• [Source material]:

---*---

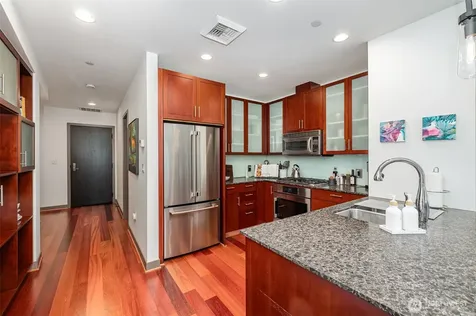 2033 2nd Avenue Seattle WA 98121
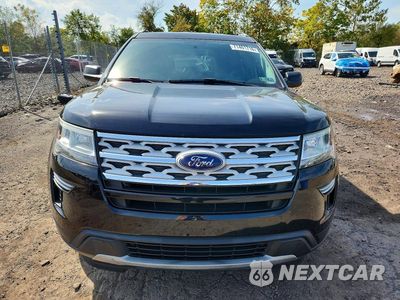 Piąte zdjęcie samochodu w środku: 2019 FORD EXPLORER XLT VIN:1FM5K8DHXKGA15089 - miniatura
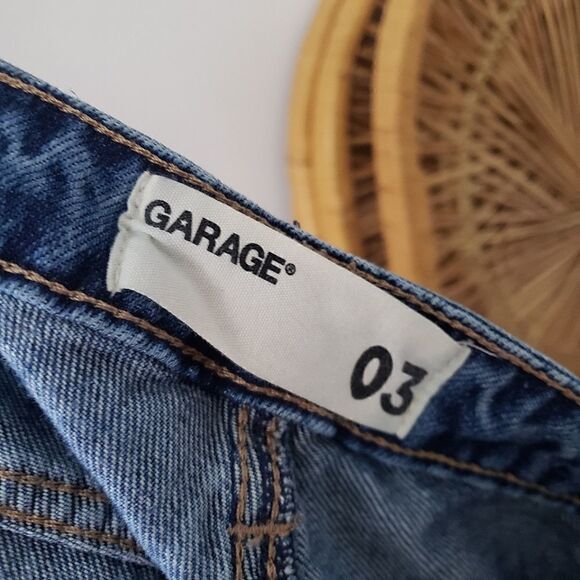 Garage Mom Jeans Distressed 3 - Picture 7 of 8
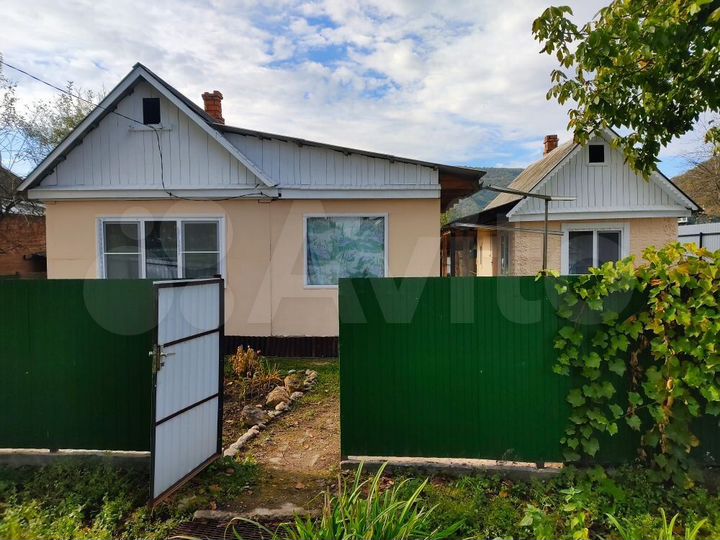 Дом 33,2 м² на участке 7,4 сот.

---*---

• [Exercise description]: Please output the material above unchanged, apart from removing the pictures.

• [Written answer]:
 2033 2nd Avenue Seattle WA 98121
 Piąte zdjęcie samochodu w środku: 2019 FORD EXPLORER XLT VIN:1FM5K8DHXKGA15089 - miniatura
 Garage Mom Jeans Distressed 3 - Picture 7 of 8
 Дом 33,2 м² на участке 7,4 сот.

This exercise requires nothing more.